Lets go a step further. If someone had given you one coin to look at, then exchanged it for another, could you have determined whether they are the same or different coins? Maybe, yes? If the differences had been large enough e.g. one coin was heavily tarnished or scratched, then the different coins would be identifiable. Or if you'd been given the opportunity to examine the coin using magnifying equipment, you probably could of found differences.

But lets assume our only test was a standard set of checks i.e.: viewing at arms length and comparing what we see with our notes/records. It's better than nothing, I would see some differences, some might be important ones. For example if my next coin was blank: I might have suspected an issue with my coin supply, and investigated.

What about my next coin... it is blank on one side. Unfortunately it's not the side I check when I hold it at arms length.
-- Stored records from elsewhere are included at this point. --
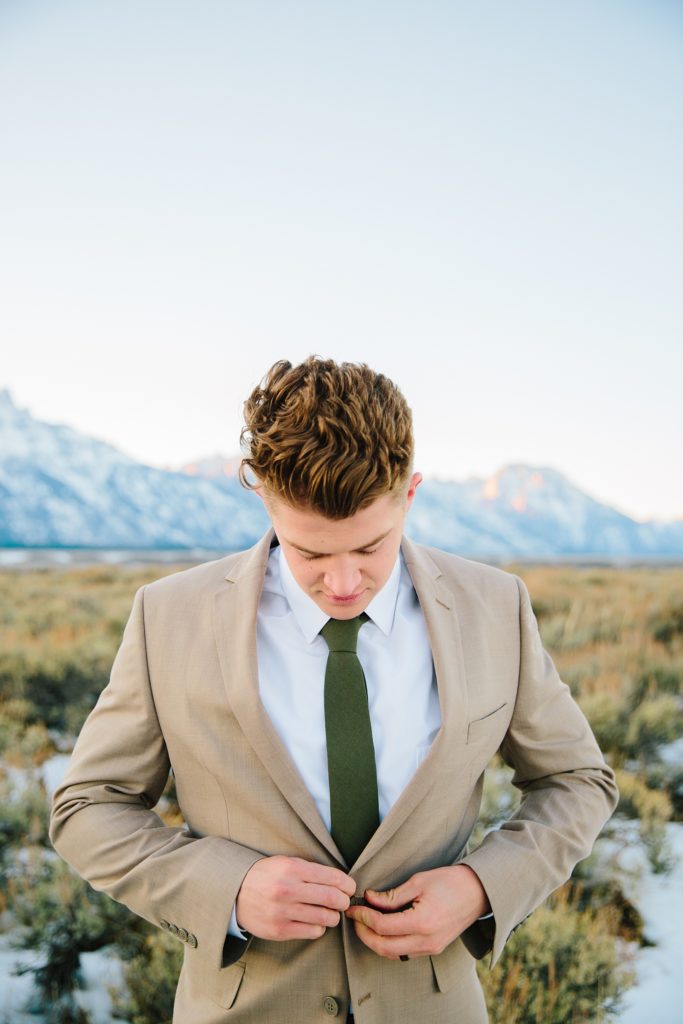 Jackson Hole wedding photographer captures groom buttoning up his tan suit during outdoor bridals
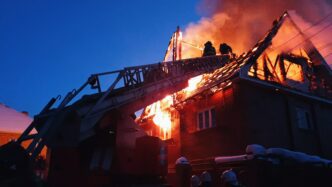 Firefighters extinguish a house fire in a village, using a crane amidst smoke and sparks.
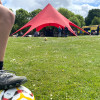 Close up of youth foot balancing on football with the Fostering big red tent in distance 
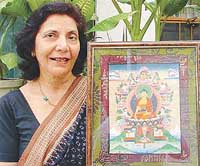Art collector Asha Chopra in the company of a Tibetan thangka.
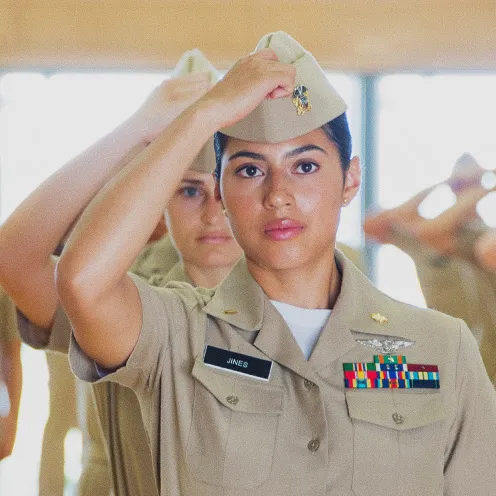 Navy Officer Development School students stand in formation while their service khaki uniforms are inspected at Officer Training Command Newport.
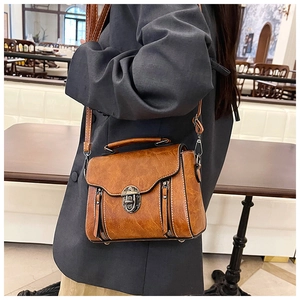 Retro brown oil-wax leather crossbody bag with vintage metal clasp and top handle for women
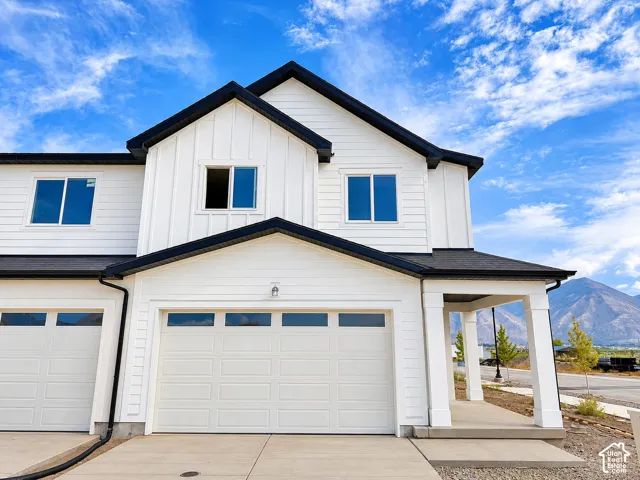 Modern farmhouse exterior featuring white siding, black trim, a covered porch with square columns, and two garage doors with upper window panels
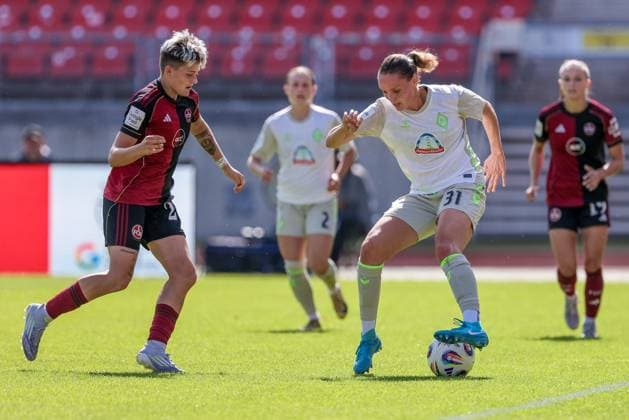 from left Aneta Polaskova 1 FC Nürnberg, 26 and Verena Wieder SV Werder Bremen, 31 in a duel, dynamic, action, action, game scene, THE DFB GUIDELINES PROHIBIT ANY USE OF PHOTOGRAPHS AS IMAGE SEQUENCES AND OR QUASI VIDEO DFB REGULATIONS PROHIBIT ANY USE OF PHOTOGRAPHS AS IMAGE SEQUENCES AND OR QUASI VIDEO , 13 09 2025, Nuremberg Germany , Football, Google Pixel Women Bundesliga, 1 FC Nürnberg SV Werder Bremen xobx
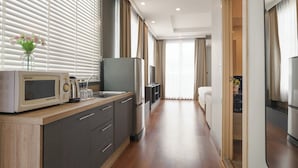 A modern kitchen with a microwave, kettle, and refrigerator. - iCheck inn Residence soi 2 (Bangkok)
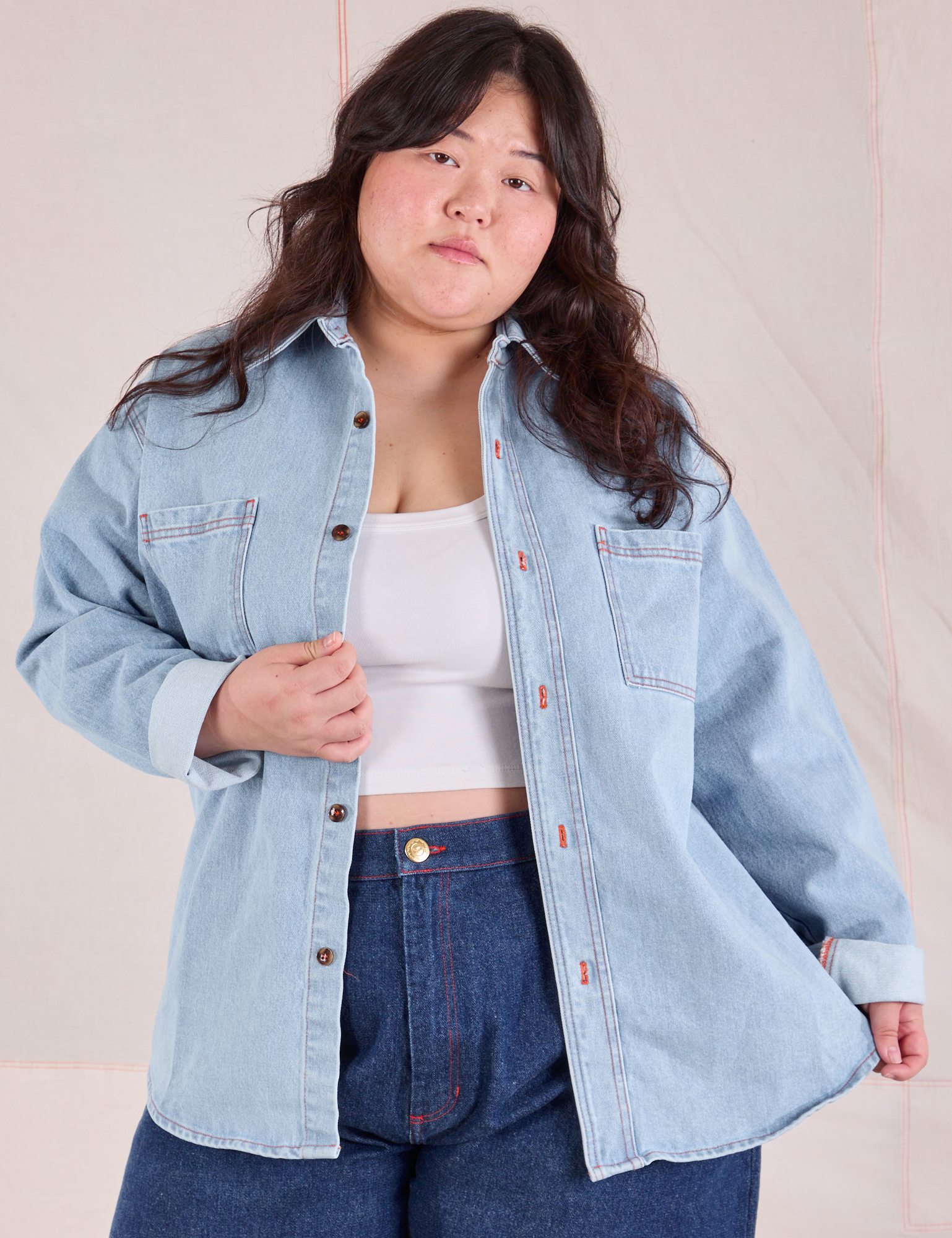 Ashley is 5'7" and wearing L Denim Overshirt in Light Wash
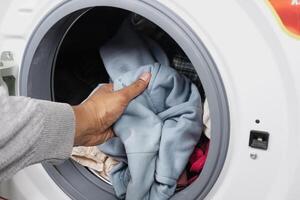 close up of cloths in a washing machine. photo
So as far as my checks are concerned there has been no regression in the quality of the coins being produced by my pocket. So until I go 'live' and try and spend my coins out in the real world of shopkeepers, I'm none the wiser.

Do you see the flaw in our logic here? If we noticed a degradation in coin quality the testing is good. If the testing does not find an issue, it still must be good, because previously those checks found a different issue. Because I was only performing one test or one set of tests I was blind to issues that I can't see with that one test.

If we'd been testing the coins independently, we probably would of been more critical. We might of thought: sure it looks good in the arm length test, what about the weight: maybe thats wrong. We'd try a number of different tests trying to find an issue. We'd ask other people about coins, learn about their two sided nature and perform tests for it.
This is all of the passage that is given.